=== Begin Enclosure ===

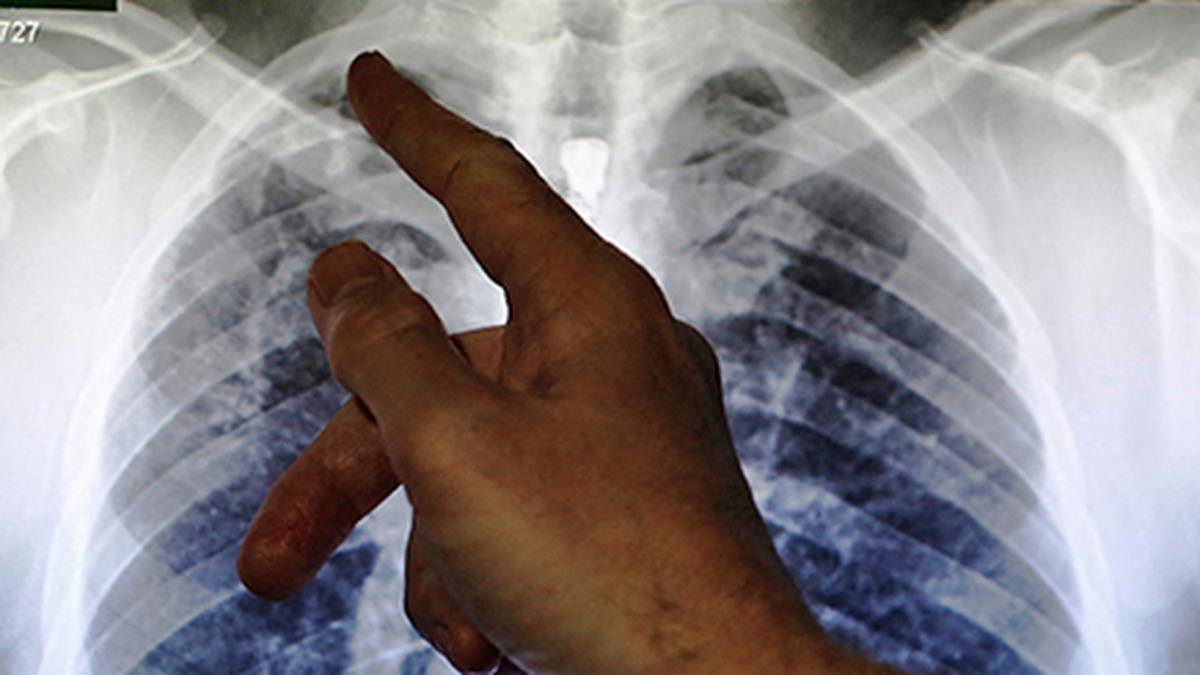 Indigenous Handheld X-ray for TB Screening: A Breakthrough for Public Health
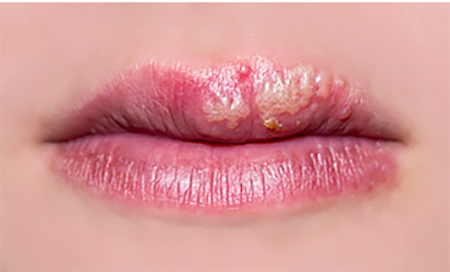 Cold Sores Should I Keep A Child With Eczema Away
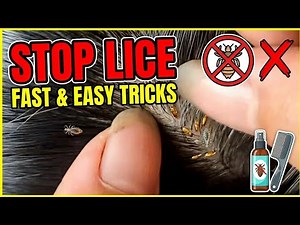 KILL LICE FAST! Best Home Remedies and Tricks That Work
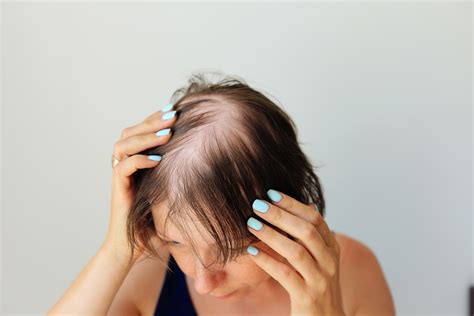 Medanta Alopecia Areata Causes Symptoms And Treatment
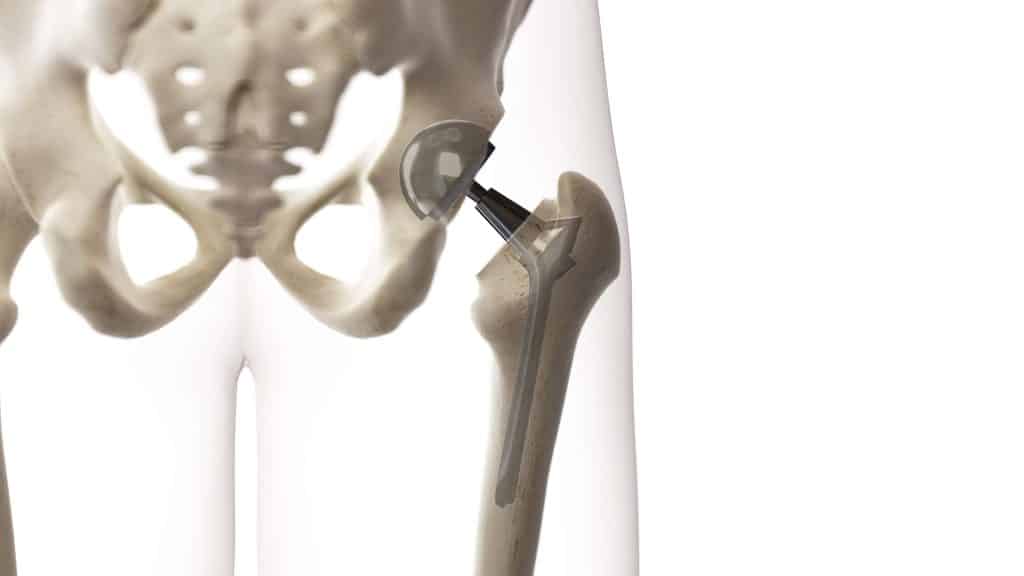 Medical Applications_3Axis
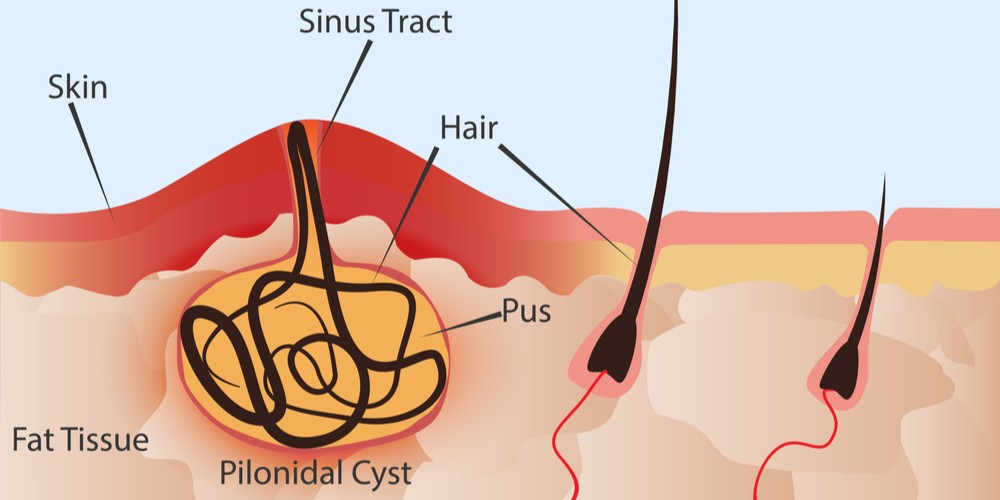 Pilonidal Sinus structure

=== End Enclosure ===

# What to do
Every line of the material should be repeated precisely; pictures are to be excluded.

# Task solution
 Indigenous Handheld X-ray for TB Screening: A Breakthrough for Public Health
 Cold Sores Should I Keep A Child With Eczema Away
 KILL LICE FAST! Best Home Remedies and Tricks That Work
 Medanta Alopecia Areata Causes Symptoms And Treatment
 Medical Applications_3Axis
 Pilonidal Sinus structure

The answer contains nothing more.